The Department declines to make changes to the proposed rule in response to the comment. Section 26.2 was promulgated in 1993, requiring prosecutors to submit a proposed Judgment and Order to the court in cases in which the defendant was sentenced to death. The content of the Judgment and Order would include four basic points: (1) The sentence was to be executed by a United States Marshal, (2) by injection of a lethal substance, (3) on a date and at a place designated by BOP, and (4) the prisoner under sentence of death was to be committed to the custody of the Attorney General or his designee for detention pending execution of the sentence. Subsequently, Congress enacted the Federal Death Penalty Act, 18 U.S.C. 3591 et seq. Within that Act, section 3596(a) essentially codified two of these points, leaving out that the execution occur by lethal injection and on a date and at a place designated by BOP. The rule's requirement that the Judgment and Order specify the manner of execution as lethal injection is inconsistent with section 3596(a), which authorizes executions “in the manner prescribed by the law of the State in which the sentence is imposed,” which may not necessarily involve lethal injection. As to the requirement for the Judgment and Order to specify that executions occur on a date and at a place designated by BOP, that provision is also reflected in § 26.3(a)(1) and (2) (“Except to the extent a court orders otherwise, a sentence of death shall be executed: (1) On a date and at a time designated by the Director of the Federal Bureau of Prisons . . . ; (2) At a federal penal or correctional institution designated by the Director of the Federal Bureau of Prisons . . . .”). The provisions of 18 U.S.C. 3596 and 28 CFR 26.3 thus render § 26.2 unnecessary, meriting its removal.

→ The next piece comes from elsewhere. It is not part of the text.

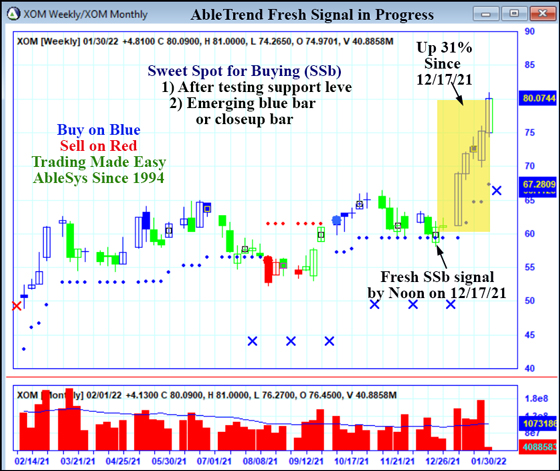 AbleTrend Trading Software XOM chart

In any event, the commenter's premise that BOP's authority to set an execution date derives solely from the courts is incorrect as a matter of law. See, e.g., LeCroy v. United States, 975 F.3d 1192, 1195-96 (11th Cir. 2020) (recognizing that, while the courts may historically have had some “concurrent” responsibility in setting execution dates, “[t]he Code of Federal Regulations vests the Bureau Director with broad authority and discretion to set execution dates as an initial matter”); United States v. Lee, No. 4:97-cr-00243-LPR-2, 2020 WL 3921174, at *3 (E.D. Ark. July 10, 2020) (expressing skepticism “that the founding generation . . . understood the implementation of a sentence to be of an entirely judicial nature” and noting that “until 1830 courts were all over the place as to whether they would set execution dates themselves or leave it to the Executive Branch”). The Executive Branch's authority to set an execution date, and the Attorney General's codification of that authority in the 1993 regulations, also are consistent with the Executive Branch's constitutional and statutory duties in general. Cf. United States v. Tipton, 90 F.3d 861, 902-03 (4th Cir. 1996) (concluding that “absent directly preempting congressional action, the Attorney General had constitutional and statutory authority to provide by regulation the means for executing death sentences imposed under [the Anti-Drug Abuse Act of 1988],” which preceded the Federal Death Penalty Act). Moreover, even if BOP's authority to set an execution date were derived from the authority of the courts, nothing would compel the court to use the precise “magic words” contained in § 26.2 to effectuate the delegation of its authority to BOP. Lee, 2020 WL 3921174, at *4 (rejecting claim that the only way a court may properly delegate its authority to implement a death sentence is by adopting the content of § 26.2 in an order).
The commenter's concern that removal of § 26.2 would deprive courts of oversight relating to execution dates also is misplaced. Section 26.3(a)'s prefatory language belies this concern, authorizing BOP's Director to set an execution date and time “[e]xcept to the extent a court orders otherwise.” And nothing in the proposed amendment of the regulations, including the deletion of § 26.2, alters the courts' power to set aside or postpone execution dates pursuant to their authority to issue stays and injunctions. See LeCroy, 975 F.3d at 1196 (“the regulations . . . sensibly recognize—as they must—a court's authority to stay or enjoin a scheduled execution”).
For these reasons, the final rule removes § 26.2 as proposed.
3. § 26.3
Section 26.3(a)(1) addresses the date and time of an execution and specifies that if the date designated for execution passes by reason of a stay of execution, then a new date shall be designated promptly by the Director of the Federal Bureau of Prisons when the stay is lifted. The NPRM did not propose any changes to this paragraph. Nonetheless, several commenters sua sponte suggested alterations to this provision, contending that: The BOP Director lacks authority to designate the date and time of an execution; the Department should further define the phrase “when the stay is lifted” and the term “promptly”; and the regulations should set out procedures to follow in the event of a stay.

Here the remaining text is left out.